When my mother’s stepfather Owen Conduit died in 1936, it was decided my parents would move back to live with my grandmother at Lane Cove. Soon after their return we were baptised in the old St Andrew’s, which Mum had seen built in her earlier years by Mr. Kendine. My brother Allan was born in 1939 just after black Friday when we had sat on our front veranda and watched a bush fire trying to burn down Lane Cove shopping Centre. Beverly was born during the war. Dad was away both in Australia and the Pacific in the army, so Mum and Grandma brought us up.

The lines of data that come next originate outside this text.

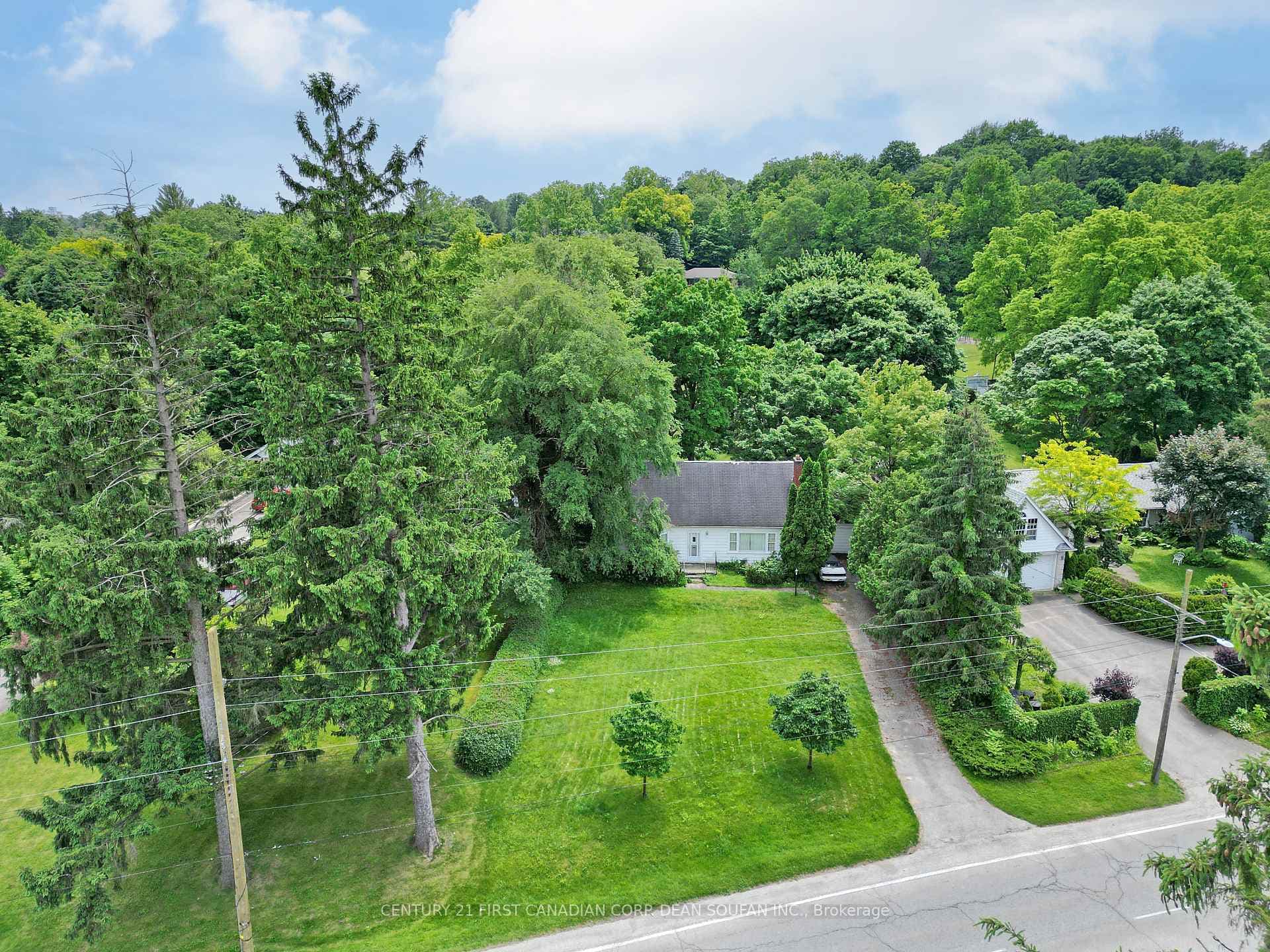 740 Springbank Drive photo 11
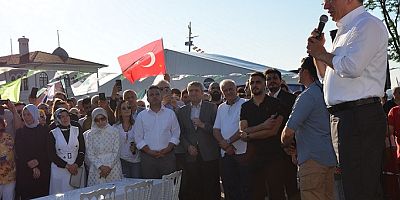 Kadıköy’de Gelecek Partisi erken seçim için imza kampanyası başlattı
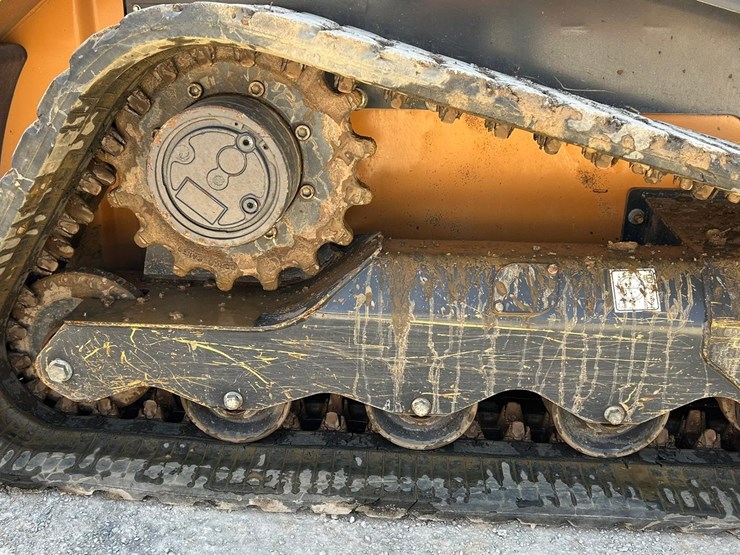 2023-case-tv450b-image-61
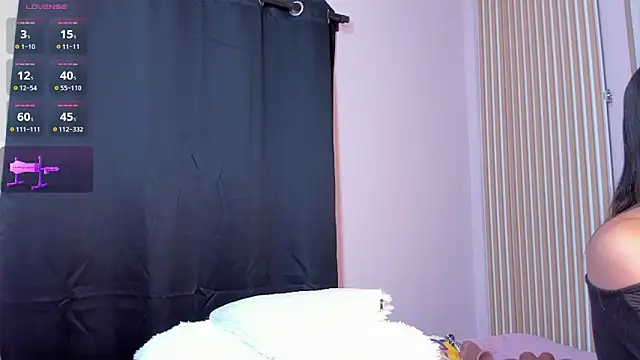 Snapshot of Alismith2 chatting on November 2025 11:30:02 PM Alismith2 online show from November 2025 11:30:02 PM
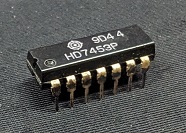 TTL¥¹¥¿¥ó¥À¡¼¥É HD7453P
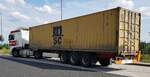 =DAF der Spedition DOPRA VAN DELM transportiert einen Container vom MSC, 06-2021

This continued after the war for a while as Dad was away working for Paynter and Dixon in Melbourne and Brisbane. In 1955 while on holidays they were involved in a car accident and Mum was shockingly injured with multiple fractures and she spent months in bed. She had to learn to walk again and to do household chores, which she did with great tenacity. During these years they were very involved with St Andrew’s. Dad was on the vestry and Mum was a parish visitor, and they were both involved in the building of the new St Andrew’s and Rectory. Both worked on the cleaning roster.

After my father died in 1974 Mum became somewhat of a recluse because of her declining health; she gave up travelling completely and gradually went out less and less. She kept her interests in art and Australian history, read the Herald and the National Geographic and dabbled fairly successfully in the stock exchange [1], she took a keen interest in her 5 children and their families, 21 grandchildren and 28 great grandchildren and, I think, was a bit bewildered by her 2 great-great-grandchildren. She saved all sorts of bits of memorabilia about her descendants. She loved her family to visit and my English cousin Cathie said to me on her visit to Australia it’s always a party when I go to Aunt Elsie’s. We certainly all remember endless cups of tea. Mum’s solution to any problem was, Let’s make a cup of tea.

Mum was a strong-willed woman and we were always reminded we were children and not to step over boundaries, which didn’t always make the last nine years easy, with her failing health and loss of eyesight. She said to me 18 months ago, things haven’t worked out like I thought they would, but it’s just up to me to lie here and let the sea wash over me and make the best of it [2]. She was kind and thoughtful, and I have heard her ask the staff at Lynvale when they brought her a meal, if they had something to eat also. The last words my family can remember her saying were God bless you All.

Footnotes

[1] There are interests I haven’t talked about such as her love of the garden at 53 — home to so many of us.

[2] Mum had never realised her last illness would be 5 years long, requiring 24 hour nursing and always hoped she would get better and go home.